LAS VEGAS — Bosch used CES 2017 to lay out one of the broadest technology roadmaps for connected cars and autonomous cars. It includes includes using your smartphone instead of a physical key, intense attention to protecting the car from hackers, improving the components for driver assistance today and autonomous driving in 2020-2025, and bulking up on the number of sensors on-board.
Bosch is the world’s largest supplier of automotive components, with 2015 sales of $45 billion, according to Automotive News, the industry’s leading newsweekly. The company’s products include gasoline and diesel fuel delivery systems, chassis controls, electrical drive systems, starter motors and generators, infotainment, electronics, steering systems, battery technology, turbochargers, and exhaust treatment systems. That doesn’t include Bosch’s security systems, power tools, or household appliances, about 40% of company sales.

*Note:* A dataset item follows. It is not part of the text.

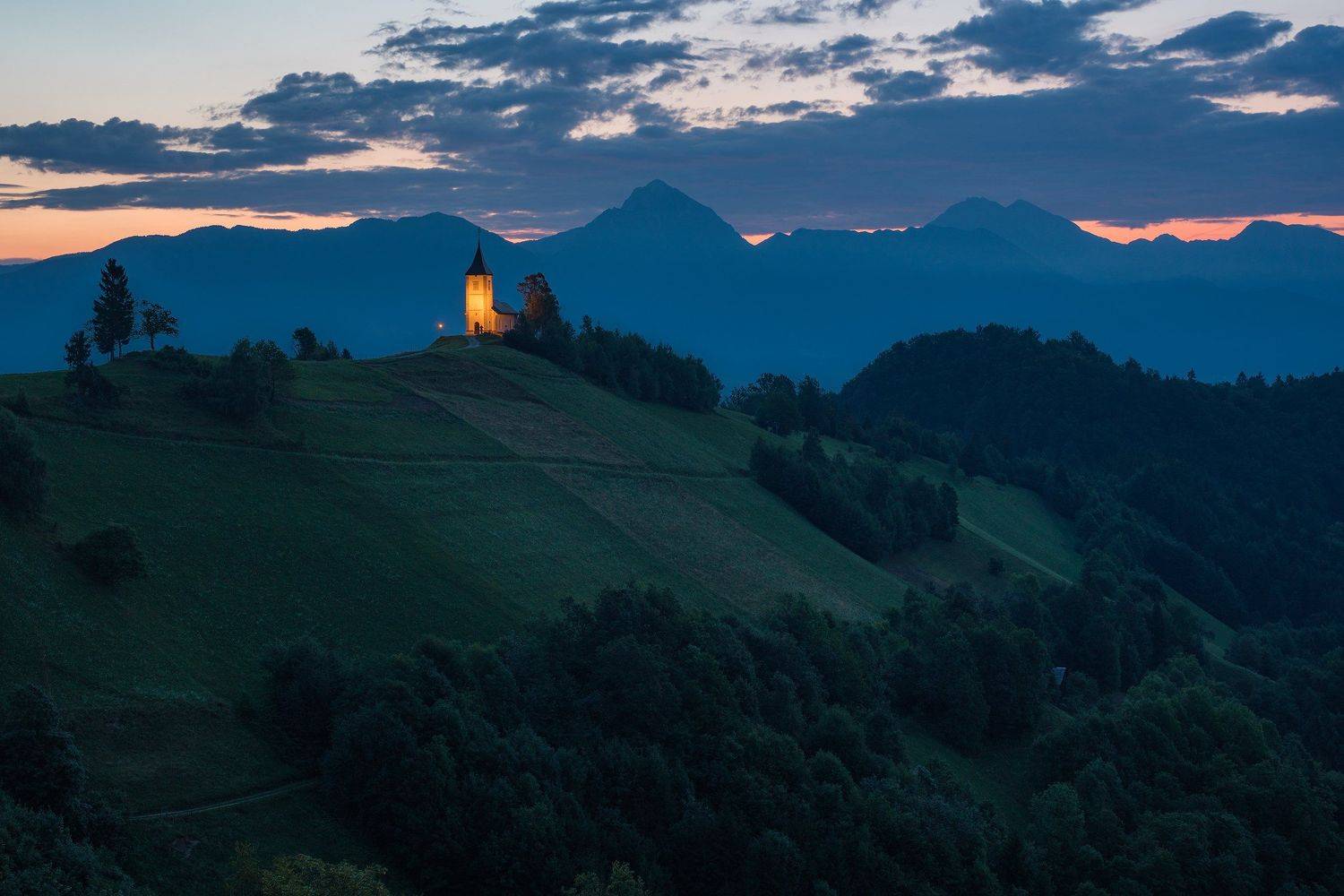 travel, landscape, morning, dawn, church, mountains, hill, путешествие, пейзаж, утро, рассвет, церковь, горы, холм, Сергей Серушкин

Bosch proposes to supplement or replace physical keys with smartphone keys. The Perfectly Keyless system communicates with the car over Bluetooth. When the keyholder approaches the vehicle, the key establishes an encrypted communication link with the car, and as the user gets closer, the car physically unlocks. Only once the key is inside, the car starts with the push of a button.
Each keyholder’s personal preferences would be recognized by the car: seat-mirrors-steering wheel position, favorite radio presets, preferred cabin temperature, and even the layout of an LCD instrument panel. A facial recognition camera could instead recognize the driver and apply personalized settings. While underway, it would monitor the driver’s head movements for signs of impending drowsiness.
In a family, the guardians of the key (mom and dad) can assign rights to each keyholder, for instance that it can be used within certain times of the day and might be programmed to rat out the user if he or she drives later, outside a geofenced area, or exceeds a certain speed (more useful when the car can compare the speed with the road’s exact speed limit).
If the owner wants to loan the car to a relative or house guest, key rights can be sent to that person’s phone, and can be set to expire after, say, three days. Guests, like fish, begin to stink after about three days, as the saying goes. The keyholder-owners would be messaged when the car is used.
Bluetooth is used instead of Wi-Fi because it draws less power. You don’t want to come back to the airport after a 10-day trip and find a dead battery.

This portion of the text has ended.